Single communique from Taiwan on Bose’s death
Peculiarly, the only document from the Taiwan government furnished by the Mukherjee Commission was the verification of an email dated August 5, 2003, and received by eminent Netaji researcher and journalist-turned-author Anuj Dhar from Lin Ling-San, the then minister in the Ministry of Transportation and Communications (MOTC) that categorically stated: “Unfortunately, after reviewing all hand over records during the period from 8/14/1945 to 10/25/1945, there was no evidence shows that one plane had ever crashed at old Matsuyama airport (now is Taipei Domestic Airport) carrying Mr. Subhas Chandra Bose.” According to Taiwan’s law of the land, any classified official document/file can be declassified after 30 years, and it’s been more than a couple of decades since the Netaji files in Taiwan could have been officially declassified in the 1980s.
Elusive probe report
“I often wonder why those committees/commissions from India that visited Taipei did not get acknowledgement regarding the existence of these files at the Taiwan Historical Archive files in these 6-7 decades from an apparently friendly Taiwan government. If I, as an international student with an ordinary Indian passport, can retrieve Netaji’s death mystery document from the Taiwan Historical Archives, then why was it not done way back. I presume these documents were already declassified for several years and kept in the Taiwan Historical Archives. It’s both sad and astonishing that some of these new documents were simply lying in the Taiwan Historical Archives waiting to be discovered,” Dangar raised a pertinent question.

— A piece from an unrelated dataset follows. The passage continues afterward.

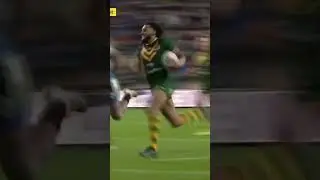 Josh Addo-Carr Length Of The Field Try Vs Fiji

Notably, India is one of the few countries in the world with an undesignated but de facto diplomatic mission in Taipei – the India-Taipei Association (ITA) – since 1995. On the other hand, the Taiwan government, unrecognized by the United Nations due to the organization’s commitment towards a “one-China Policy,” has got its diplomatic mission in Delhi and Chennai under the name of the Taipei Economic and Cultural Center (TECC) for many decades. But yet, these crucial files weren’t either accessed or any efforts or requests made by the Indian government, ruled by different parties and coalitions over the past few decades. So there may be more to the Netaji death mystery than meets the eye. Watch this space for more.
(The author is an independent journalist and MOE HuayuChinese Language Enrichment Scholar in Taiwan)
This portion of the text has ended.